This happens because the assistant has a “blind spot” in how it trusts information. As we know it, any AI tool becomes risky when it can access private data, read untrusted content from the web, and talk to external servers.
How Does It Work
Docker is a major platform used by millions of developers to build and share software. To make things easier, they introduced a beta tool, ‘Ask Gordon,’ that can answer questions and help with tasks using simple, natural language.
However, researchers noted attackers could take control of the assistant through a technique known as metadata poisoning. By putting hidden, malicious instructions inside the description or metadata of a software package on the public Docker Hub, hackers can wait for an unsuspecting user to interact with that package.
The research, which was shared with Hackread.com, further revealed that a user only needs to ask a simple question like, “Describe this repo,” for the AI to read those hidden instructions and follow them as if they were legitimate commands.
The Lethal Trifecta
Probing further, researchers found that the AI was falling into a trap because of a lethal trifecta, a term coined by renowned technologist Simon Willison. In this case, the assistant could gather chat history and sensitive build logs (records of the entire software creation process) and send them to a server owned by the attacker.
The results were instant. Within seconds, an attacker could get their hands on build IDs, API keys, and internal network details. This effectively means the agent acted as its own command-and-control client, turning a helpful tool into a weapon against the user.

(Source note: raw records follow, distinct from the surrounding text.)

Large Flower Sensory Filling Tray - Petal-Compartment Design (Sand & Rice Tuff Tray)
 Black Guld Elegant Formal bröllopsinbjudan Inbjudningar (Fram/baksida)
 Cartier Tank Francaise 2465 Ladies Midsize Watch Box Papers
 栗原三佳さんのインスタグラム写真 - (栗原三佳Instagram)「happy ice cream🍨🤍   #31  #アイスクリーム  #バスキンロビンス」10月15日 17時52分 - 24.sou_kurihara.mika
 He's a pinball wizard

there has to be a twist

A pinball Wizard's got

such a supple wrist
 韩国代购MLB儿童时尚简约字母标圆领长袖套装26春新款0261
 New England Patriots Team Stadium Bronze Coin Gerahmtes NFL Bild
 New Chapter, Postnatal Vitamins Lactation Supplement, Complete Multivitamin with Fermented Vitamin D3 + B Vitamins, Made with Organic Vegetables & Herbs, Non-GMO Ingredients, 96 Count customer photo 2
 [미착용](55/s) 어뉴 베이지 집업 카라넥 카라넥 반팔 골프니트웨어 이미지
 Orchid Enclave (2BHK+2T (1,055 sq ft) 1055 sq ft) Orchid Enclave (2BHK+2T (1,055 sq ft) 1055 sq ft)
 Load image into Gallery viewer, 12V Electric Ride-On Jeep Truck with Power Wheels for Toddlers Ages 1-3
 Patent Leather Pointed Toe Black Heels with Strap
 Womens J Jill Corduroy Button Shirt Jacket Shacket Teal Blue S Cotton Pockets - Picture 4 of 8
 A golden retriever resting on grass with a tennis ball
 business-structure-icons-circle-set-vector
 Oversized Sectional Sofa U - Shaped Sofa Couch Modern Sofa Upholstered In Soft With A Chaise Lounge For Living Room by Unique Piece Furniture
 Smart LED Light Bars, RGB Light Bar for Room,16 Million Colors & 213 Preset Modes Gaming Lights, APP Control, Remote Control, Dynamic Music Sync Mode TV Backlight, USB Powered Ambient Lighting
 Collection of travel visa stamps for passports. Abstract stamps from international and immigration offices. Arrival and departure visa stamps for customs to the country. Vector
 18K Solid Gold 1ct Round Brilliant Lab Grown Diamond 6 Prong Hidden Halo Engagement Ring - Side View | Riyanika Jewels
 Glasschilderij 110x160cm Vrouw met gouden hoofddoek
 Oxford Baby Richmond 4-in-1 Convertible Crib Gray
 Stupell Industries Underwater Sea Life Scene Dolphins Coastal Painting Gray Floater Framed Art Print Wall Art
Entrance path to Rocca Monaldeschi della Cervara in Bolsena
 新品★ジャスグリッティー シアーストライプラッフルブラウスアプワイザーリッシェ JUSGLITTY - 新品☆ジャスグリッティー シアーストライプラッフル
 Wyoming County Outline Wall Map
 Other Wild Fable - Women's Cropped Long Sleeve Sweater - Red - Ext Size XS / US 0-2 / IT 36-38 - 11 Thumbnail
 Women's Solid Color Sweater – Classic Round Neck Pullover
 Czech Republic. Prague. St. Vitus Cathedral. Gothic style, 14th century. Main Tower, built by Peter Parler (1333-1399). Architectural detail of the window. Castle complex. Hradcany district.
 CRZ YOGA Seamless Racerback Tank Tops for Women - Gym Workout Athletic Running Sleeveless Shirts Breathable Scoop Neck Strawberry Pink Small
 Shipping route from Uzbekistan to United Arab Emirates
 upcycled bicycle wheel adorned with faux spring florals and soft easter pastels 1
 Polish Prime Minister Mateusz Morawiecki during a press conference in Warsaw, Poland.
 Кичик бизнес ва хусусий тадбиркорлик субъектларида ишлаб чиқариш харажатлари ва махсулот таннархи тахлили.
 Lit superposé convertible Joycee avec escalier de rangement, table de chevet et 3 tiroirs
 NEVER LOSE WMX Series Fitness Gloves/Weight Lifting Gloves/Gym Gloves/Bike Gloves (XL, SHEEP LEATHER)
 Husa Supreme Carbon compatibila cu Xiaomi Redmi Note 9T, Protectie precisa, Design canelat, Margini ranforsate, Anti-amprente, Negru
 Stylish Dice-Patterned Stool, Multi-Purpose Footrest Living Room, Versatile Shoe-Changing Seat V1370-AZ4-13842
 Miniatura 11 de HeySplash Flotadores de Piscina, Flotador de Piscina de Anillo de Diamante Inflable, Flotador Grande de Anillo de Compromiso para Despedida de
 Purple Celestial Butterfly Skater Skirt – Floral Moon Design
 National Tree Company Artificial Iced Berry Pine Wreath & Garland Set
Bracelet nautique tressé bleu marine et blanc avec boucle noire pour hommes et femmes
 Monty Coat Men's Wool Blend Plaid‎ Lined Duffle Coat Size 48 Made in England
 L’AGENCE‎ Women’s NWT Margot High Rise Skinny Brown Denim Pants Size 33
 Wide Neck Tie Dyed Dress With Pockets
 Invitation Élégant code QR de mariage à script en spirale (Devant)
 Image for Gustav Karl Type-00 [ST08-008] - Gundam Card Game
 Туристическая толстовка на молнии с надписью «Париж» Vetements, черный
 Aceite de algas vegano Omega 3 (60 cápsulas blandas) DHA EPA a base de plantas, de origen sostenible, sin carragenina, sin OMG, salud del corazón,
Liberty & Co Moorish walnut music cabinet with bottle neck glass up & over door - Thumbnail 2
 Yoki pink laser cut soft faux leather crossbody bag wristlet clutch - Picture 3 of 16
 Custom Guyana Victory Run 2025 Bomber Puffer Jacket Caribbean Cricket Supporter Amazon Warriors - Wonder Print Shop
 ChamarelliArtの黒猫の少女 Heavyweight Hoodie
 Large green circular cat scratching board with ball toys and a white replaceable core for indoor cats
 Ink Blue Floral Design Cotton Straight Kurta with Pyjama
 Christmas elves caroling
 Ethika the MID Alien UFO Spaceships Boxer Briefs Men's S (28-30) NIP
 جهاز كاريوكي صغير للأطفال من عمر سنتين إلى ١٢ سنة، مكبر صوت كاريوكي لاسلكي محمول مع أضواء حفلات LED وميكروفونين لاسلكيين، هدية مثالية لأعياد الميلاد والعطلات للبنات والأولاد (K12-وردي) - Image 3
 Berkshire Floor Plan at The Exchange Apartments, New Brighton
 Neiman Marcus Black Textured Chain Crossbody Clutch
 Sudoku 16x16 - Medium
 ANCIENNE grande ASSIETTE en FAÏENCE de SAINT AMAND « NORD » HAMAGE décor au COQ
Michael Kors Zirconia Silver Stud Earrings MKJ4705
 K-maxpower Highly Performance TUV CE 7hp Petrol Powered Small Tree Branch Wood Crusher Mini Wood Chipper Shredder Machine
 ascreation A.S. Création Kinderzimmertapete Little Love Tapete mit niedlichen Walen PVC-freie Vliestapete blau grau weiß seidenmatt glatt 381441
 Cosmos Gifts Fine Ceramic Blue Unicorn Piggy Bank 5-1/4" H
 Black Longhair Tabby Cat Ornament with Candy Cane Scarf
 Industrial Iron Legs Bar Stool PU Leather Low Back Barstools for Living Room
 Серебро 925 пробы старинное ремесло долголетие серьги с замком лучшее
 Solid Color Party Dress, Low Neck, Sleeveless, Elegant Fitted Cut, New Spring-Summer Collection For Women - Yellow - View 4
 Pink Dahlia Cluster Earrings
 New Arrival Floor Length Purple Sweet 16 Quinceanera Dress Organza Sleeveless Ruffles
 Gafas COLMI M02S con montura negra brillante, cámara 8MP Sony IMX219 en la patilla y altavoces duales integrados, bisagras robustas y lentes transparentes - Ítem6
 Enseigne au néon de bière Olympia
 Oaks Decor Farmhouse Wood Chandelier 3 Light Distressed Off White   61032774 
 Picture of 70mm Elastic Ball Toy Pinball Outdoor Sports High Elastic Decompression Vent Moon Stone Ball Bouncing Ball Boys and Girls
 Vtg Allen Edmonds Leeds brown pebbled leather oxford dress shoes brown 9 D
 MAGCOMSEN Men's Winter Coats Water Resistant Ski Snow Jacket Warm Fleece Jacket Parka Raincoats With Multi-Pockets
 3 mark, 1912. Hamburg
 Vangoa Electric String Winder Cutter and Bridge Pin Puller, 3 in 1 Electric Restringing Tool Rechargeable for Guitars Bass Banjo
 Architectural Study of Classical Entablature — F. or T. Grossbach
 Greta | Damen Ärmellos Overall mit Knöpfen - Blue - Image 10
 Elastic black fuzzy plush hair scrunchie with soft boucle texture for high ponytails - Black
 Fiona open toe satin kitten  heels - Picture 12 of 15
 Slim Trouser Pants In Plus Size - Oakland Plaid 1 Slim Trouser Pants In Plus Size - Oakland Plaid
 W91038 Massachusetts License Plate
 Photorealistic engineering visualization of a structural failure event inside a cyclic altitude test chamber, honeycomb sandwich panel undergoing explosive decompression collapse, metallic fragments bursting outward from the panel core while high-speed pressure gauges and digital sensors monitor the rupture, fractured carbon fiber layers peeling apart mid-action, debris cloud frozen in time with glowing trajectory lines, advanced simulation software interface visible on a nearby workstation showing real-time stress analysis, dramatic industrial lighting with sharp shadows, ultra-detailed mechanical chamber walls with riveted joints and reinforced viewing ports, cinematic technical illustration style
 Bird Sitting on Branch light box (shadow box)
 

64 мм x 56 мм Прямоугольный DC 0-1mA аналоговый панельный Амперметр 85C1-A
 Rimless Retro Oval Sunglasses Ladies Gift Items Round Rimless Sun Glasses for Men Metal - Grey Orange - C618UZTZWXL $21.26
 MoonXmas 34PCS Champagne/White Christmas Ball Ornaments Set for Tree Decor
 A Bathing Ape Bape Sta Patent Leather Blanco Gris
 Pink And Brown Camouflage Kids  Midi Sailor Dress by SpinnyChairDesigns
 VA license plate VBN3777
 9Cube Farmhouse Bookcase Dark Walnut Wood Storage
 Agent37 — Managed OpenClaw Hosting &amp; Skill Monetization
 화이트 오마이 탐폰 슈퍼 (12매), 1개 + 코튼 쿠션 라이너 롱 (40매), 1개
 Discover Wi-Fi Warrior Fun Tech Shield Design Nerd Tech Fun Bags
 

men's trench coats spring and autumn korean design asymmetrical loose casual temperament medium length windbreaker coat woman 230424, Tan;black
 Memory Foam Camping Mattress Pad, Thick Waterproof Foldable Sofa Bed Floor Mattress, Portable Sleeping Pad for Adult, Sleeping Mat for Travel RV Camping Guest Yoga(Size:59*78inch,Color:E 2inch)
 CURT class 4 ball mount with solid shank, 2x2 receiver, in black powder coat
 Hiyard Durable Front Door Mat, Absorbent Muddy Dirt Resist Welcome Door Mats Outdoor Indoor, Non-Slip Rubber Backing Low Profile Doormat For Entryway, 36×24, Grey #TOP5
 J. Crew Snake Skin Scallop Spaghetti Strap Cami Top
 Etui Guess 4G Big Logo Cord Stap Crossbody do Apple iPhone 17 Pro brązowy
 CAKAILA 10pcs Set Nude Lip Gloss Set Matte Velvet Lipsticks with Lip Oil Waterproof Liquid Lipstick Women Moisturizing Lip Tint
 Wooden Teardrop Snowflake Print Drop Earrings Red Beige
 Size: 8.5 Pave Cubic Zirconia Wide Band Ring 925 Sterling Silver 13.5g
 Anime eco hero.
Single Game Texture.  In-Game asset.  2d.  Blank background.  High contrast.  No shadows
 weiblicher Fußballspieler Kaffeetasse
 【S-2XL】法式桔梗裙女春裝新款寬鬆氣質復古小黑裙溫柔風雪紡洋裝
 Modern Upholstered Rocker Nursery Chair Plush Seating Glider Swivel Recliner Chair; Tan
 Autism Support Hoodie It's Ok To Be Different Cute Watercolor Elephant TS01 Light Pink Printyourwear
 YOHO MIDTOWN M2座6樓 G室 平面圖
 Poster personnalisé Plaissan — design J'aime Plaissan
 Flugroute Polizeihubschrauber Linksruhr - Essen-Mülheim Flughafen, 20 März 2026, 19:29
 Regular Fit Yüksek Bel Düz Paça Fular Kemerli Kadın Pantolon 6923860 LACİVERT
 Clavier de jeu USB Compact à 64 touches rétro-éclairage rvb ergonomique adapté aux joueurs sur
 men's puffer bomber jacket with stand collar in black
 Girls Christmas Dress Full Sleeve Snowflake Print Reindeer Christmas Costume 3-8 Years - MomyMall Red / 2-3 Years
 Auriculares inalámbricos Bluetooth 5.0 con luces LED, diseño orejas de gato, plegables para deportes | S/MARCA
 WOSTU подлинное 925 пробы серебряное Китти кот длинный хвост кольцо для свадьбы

To explain why this worked, the team used a framework called CFS (Context, Format, and Salience). It shows how a malicious instruction succeeds by fitting the AI’s current task (Context), looking like standard data (Format), and being positioned where the AI gives it high priority (Salience).
A Quick Fix for Users
It is worth noting that this vulnerability (formally known as CWE-1427 or Improper Neutralization of Input for AI Prompts) wasn’t just a theoretical guess; researchers proved it by successfully stealing data during their tests. They immediately notified Docker’s security team, which acted promptly. The issue was officially resolved on November 6, 2025, with the release of Docker Desktop version 4.50.0.
The fix introduces a “human-in-the-loop” (HITL) system. Now, instead of Gordon automatically following instructions it finds online, it must stop and ask the user for explicit permission before it connects to an outside link or executes a sensitive tool. This simple step ensures that the user remains in control of what the AI is actually doing.